Unlike bar graphs, in a line chart, it’s not generally mandatory to start the vertical axis at zero. You might choose a starting value other than zero to help you focus the lens on the specific data you’re discussing. Consider using solid lines in different colors rather than a distracting variation of dotted or dashed lines.
5. Be judicious in the use of tables and spreadsheets.
When learning how to give a presentation, know this: You can use a table in your presentation provided it contains a relatively small set of numbers. Complex tables or spreadsheets, however, may not be the most effective way of presenting data because your audience may not have time to quickly absorb and interpret all the figures. These can be left for the handout. In the live presentation, consider presenting a summary of only the key figures that your audience needs to understand the data.
Also, showing a table instead of a graph could be an appropriate choice if the precise number is important and may not be highlighted with the same degree of precision by using a graph. For example, you may want to ensure your audience understands a crucial change from 4.55 to 4.57. This subtlety, if important to your topic, may be lost in a graph.
6. Help your audience visualize the numbers.
Help your audience visualize the numbers by turning the unfamiliar into familiar, the abstract into concrete. For example, the total worldwide membership of LinkedIn is approximately 467 million. To help conceptualize this large number, we could say that this is 30 percent more than the entire population of the U.S. By resizing, we might give a sense of the magnitude of a large number.
You can help visualize numbers by using different types of scales such as distance, time, familiar places and things, to name a few.
7. Tell a story to help bring the numbers alive.
One more important point on how to give a presentation involving numbers has to do with storytelling. Remind yourself that data alone rarely inspires. Keep this in mind so you don’t just deliver the numbers.

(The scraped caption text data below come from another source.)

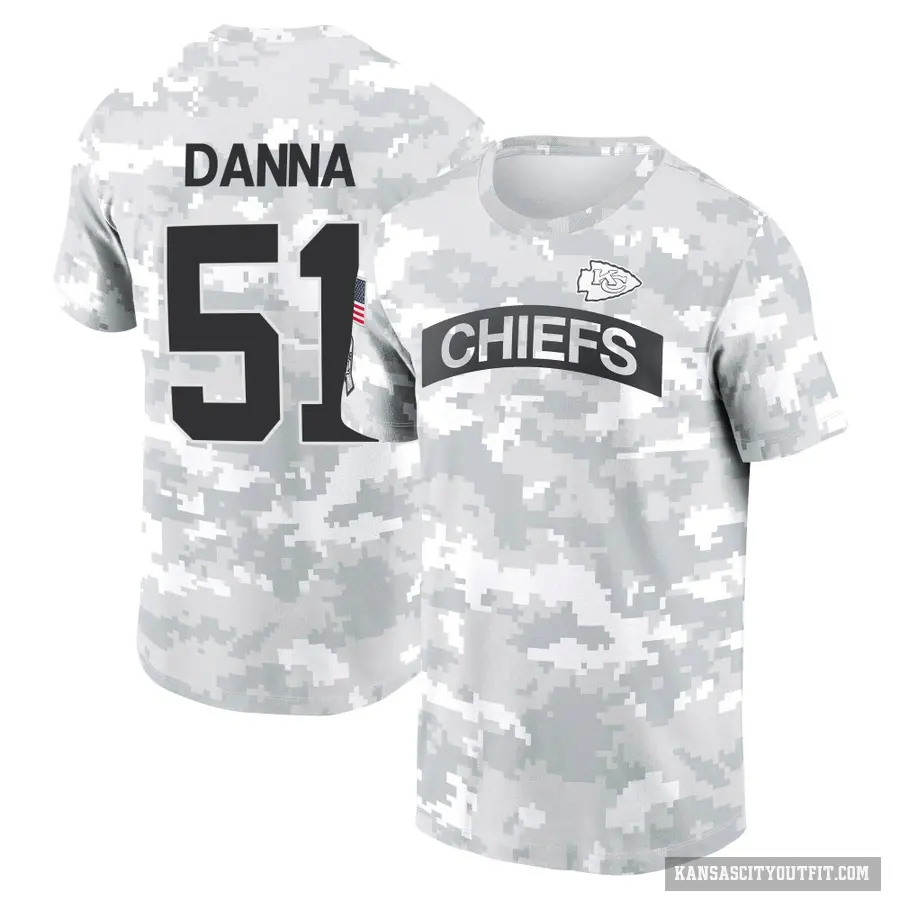 Men's ＃51 Mike Danna Kansas City Chiefs Camo Arctic 2024 Salute to Service Performance T-Shirt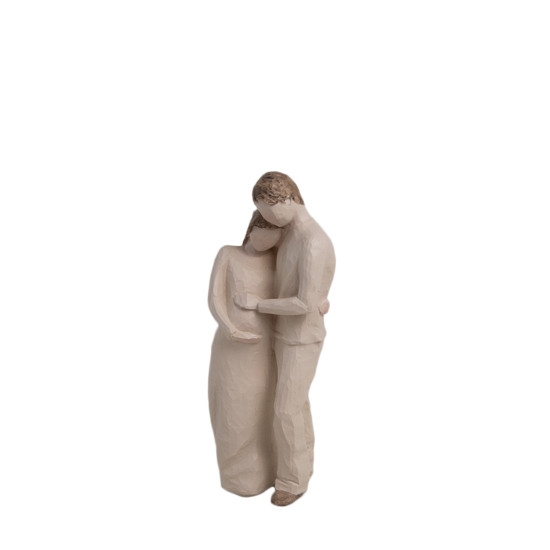 Imagem ESCULTURA DECORATIVA CASAL COM MULHER GRAVIDA COR BEGE 21CM - GALPÃO DAS FLORES 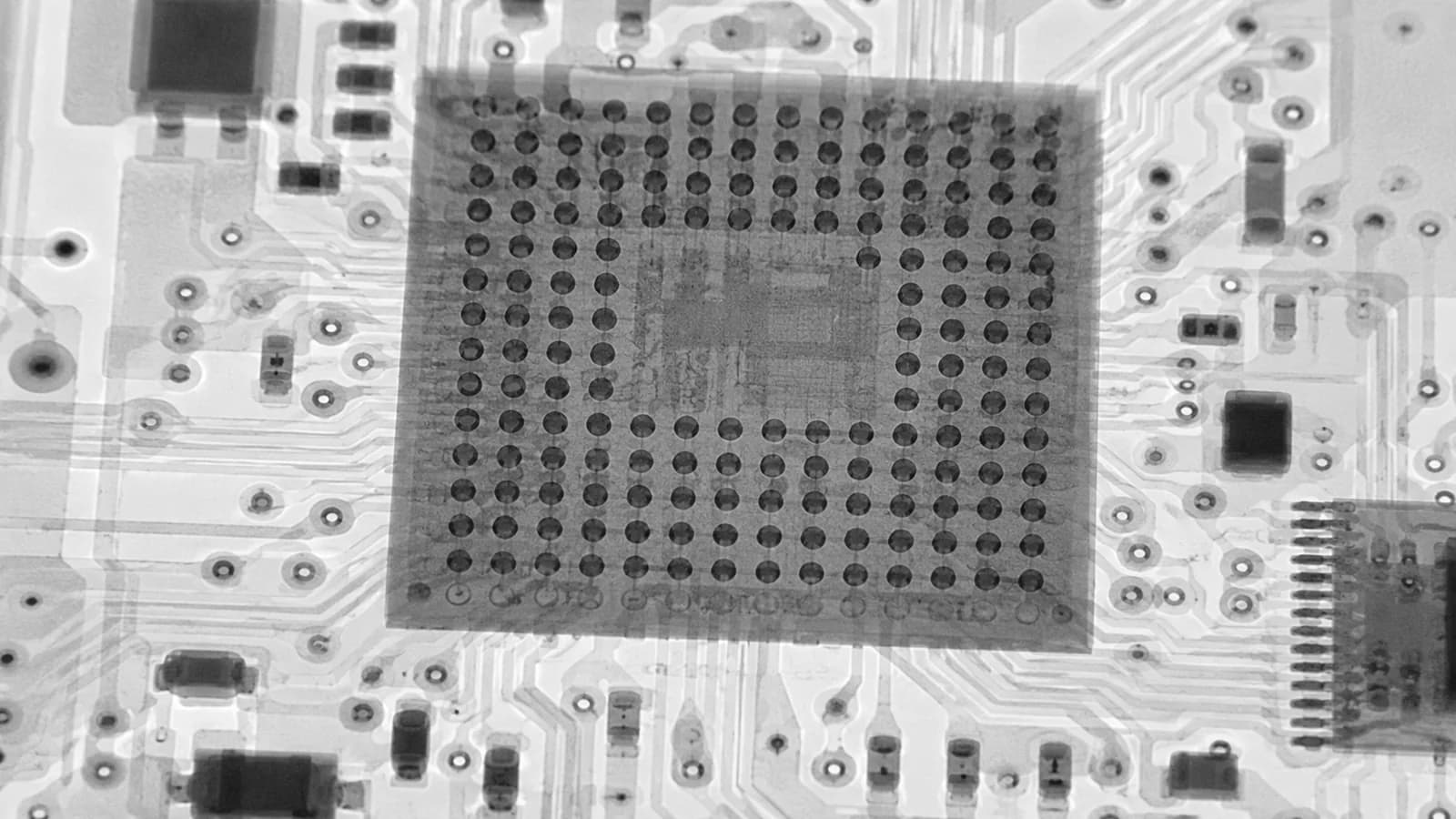 Illustrative X-ray inspection image showing the solder ball array beneath a BGA package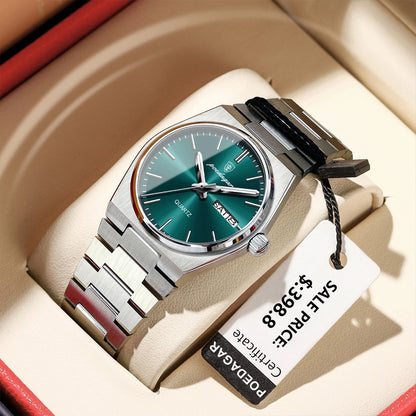POEDAGAR Montres élégantes pour femmes Étanche Lumineux Date Semaine Montre Femme Quartz Acier inoxydable Montre-bracelet de mode pour femme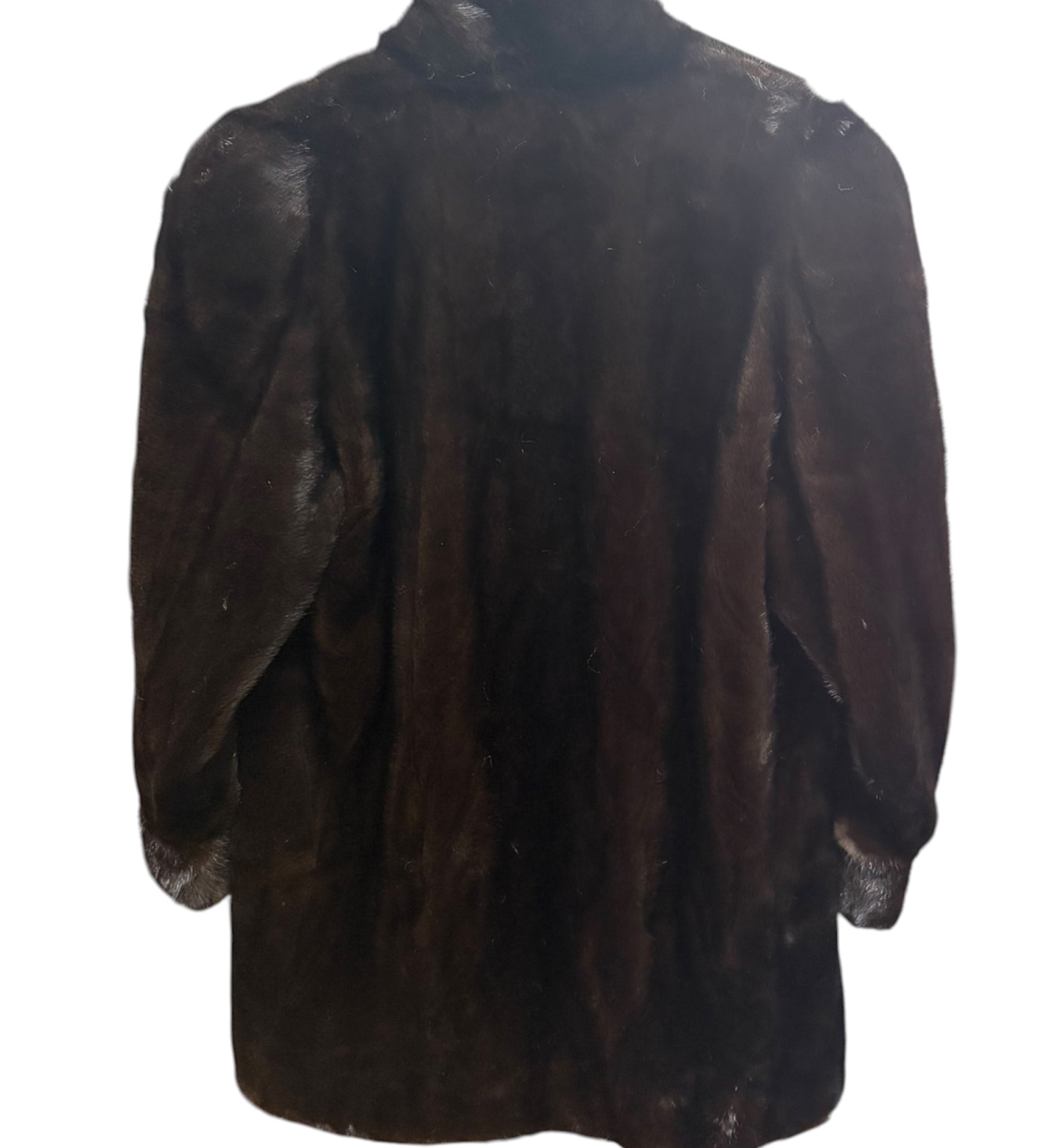 Vintage Saga Ranched Mink Dark Brown Fur Coat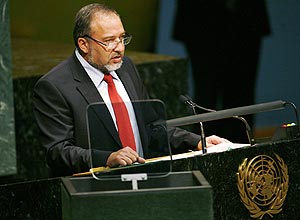 O chanceler israelense, Avigdor Lieberman, discursa na Assembleia Geral da ONU, em Nova York, em setembro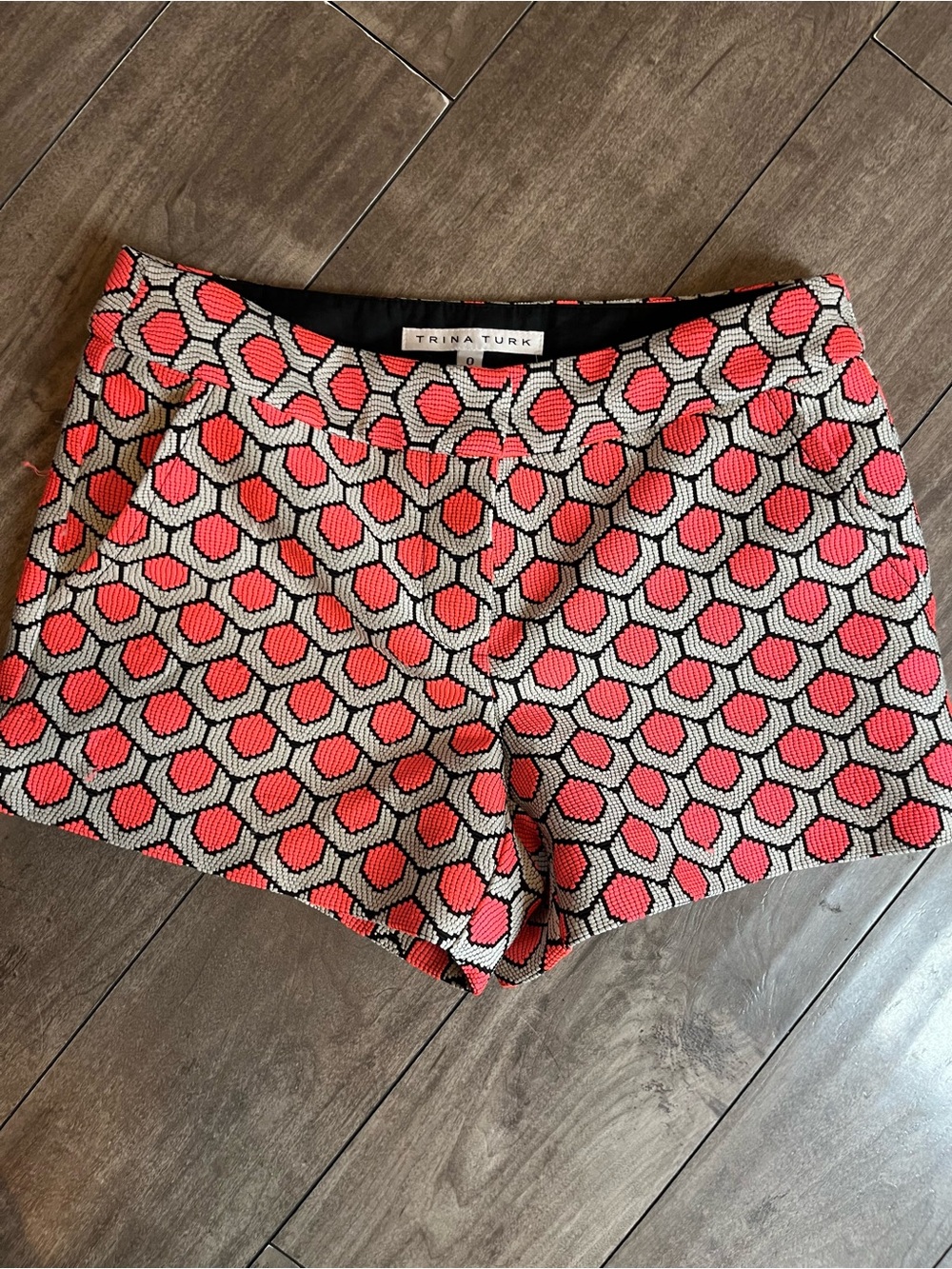 Trina Turk Coral and White Geometric Shorts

Let’s say you’re showing that 30 percent of sales were from new customers while 70 percent were from regular customers. Here’s an opportunity to tell a brief story to support your numbers. For example, you might mention that the high number of regular customers is a strong indication of the degree of success of the service or quality you provide and insert an illustrative customer service story about one of your clients. Ideally, mention the very words the customer actually said when visiting your office or in their written feedback.
Numbers may boost your credibility when you present. They may help you persuade. Know what story you want to tell your constituents and use the numbers to support your story with clarity and integrity.